> **What to do**
Copy nothing but the lines from the one containing "Abendstimmung in Kempen" through the last line of the records, repeated exactly and without pictures.

> **Task material**
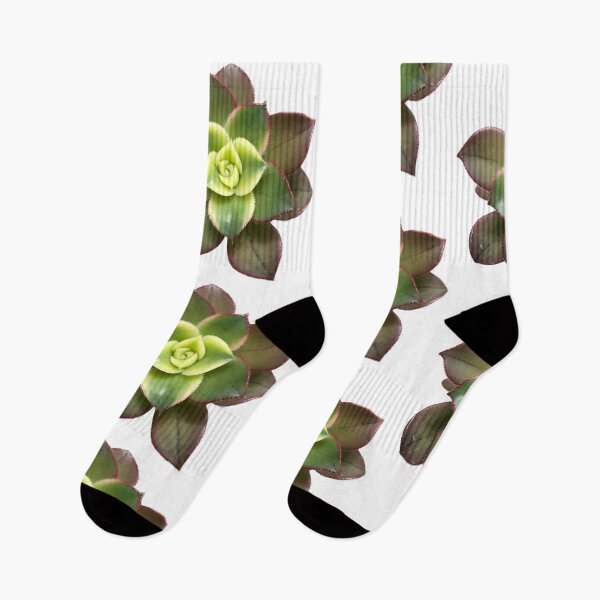 Item preview, Aeonium kiwi  designed and sold by Phoebew03.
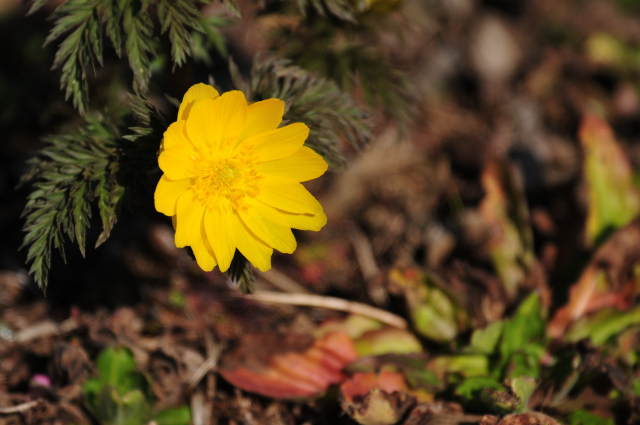 DSC_5568 (2)_00001.jpg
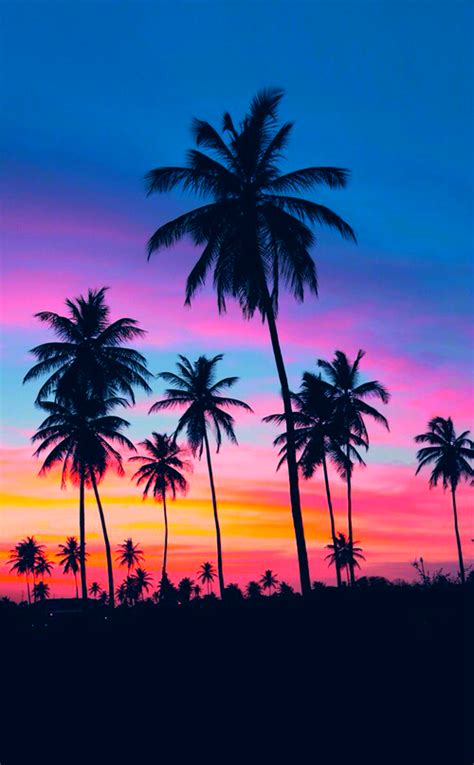 Summer Sunset photography sunset beach beautiful ocean tropical travel palm trees vacation ...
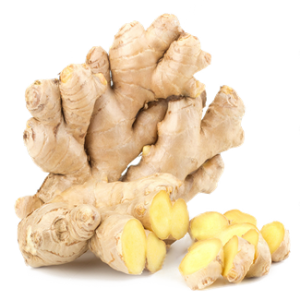 New Crop Fresh /Dry Ginger of Factory Supplier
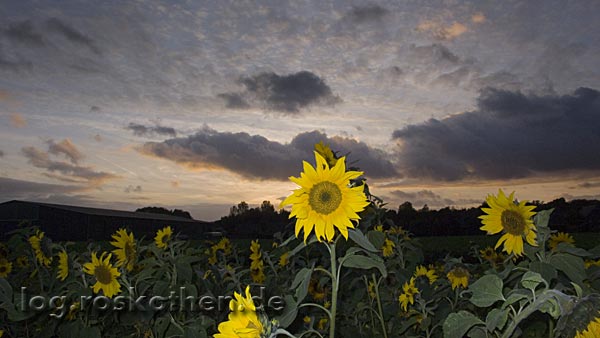 Abendstimmung in Kempen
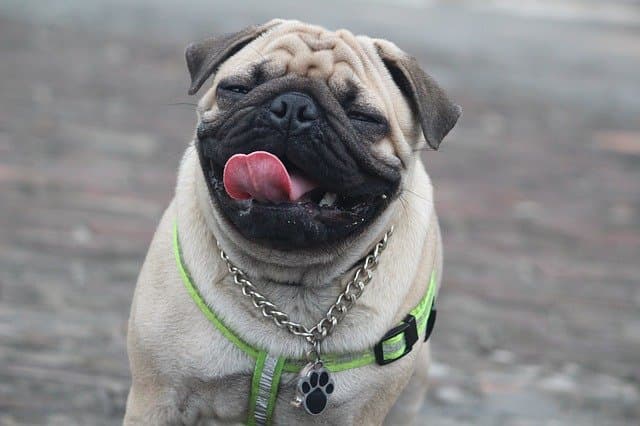 funny expression of Pug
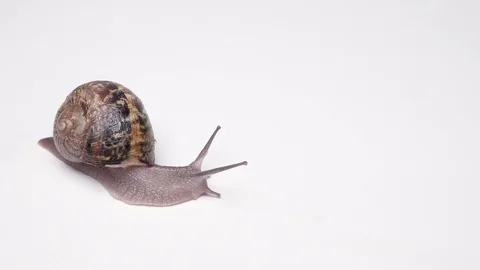 Snail helix with a shell on the back slowly crawling on a white background Stock Footage 96031671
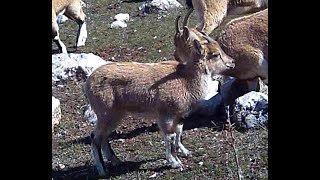 Bu Dağ Keçileri Çok SİNİRLİ - Ungry Wild Goats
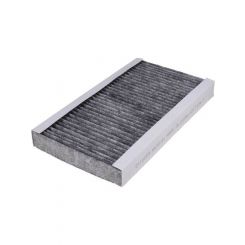 Fram Air Filter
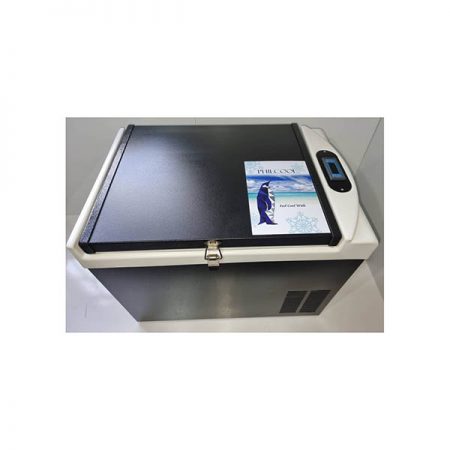 یخچال خودرو کمپرسوردار PHILCOOL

> **Result for this task**
 Abendstimmung in Kempen
 funny expression of Pug
 Snail helix with a shell on the back slowly crawling on a white background Stock Footage 96031671
 Bu Dağ Keçileri Çok SİNİRLİ - Ungry Wild Goats
 Fram Air Filter
 یخچال خودرو کمپرسوردار PHILCOOL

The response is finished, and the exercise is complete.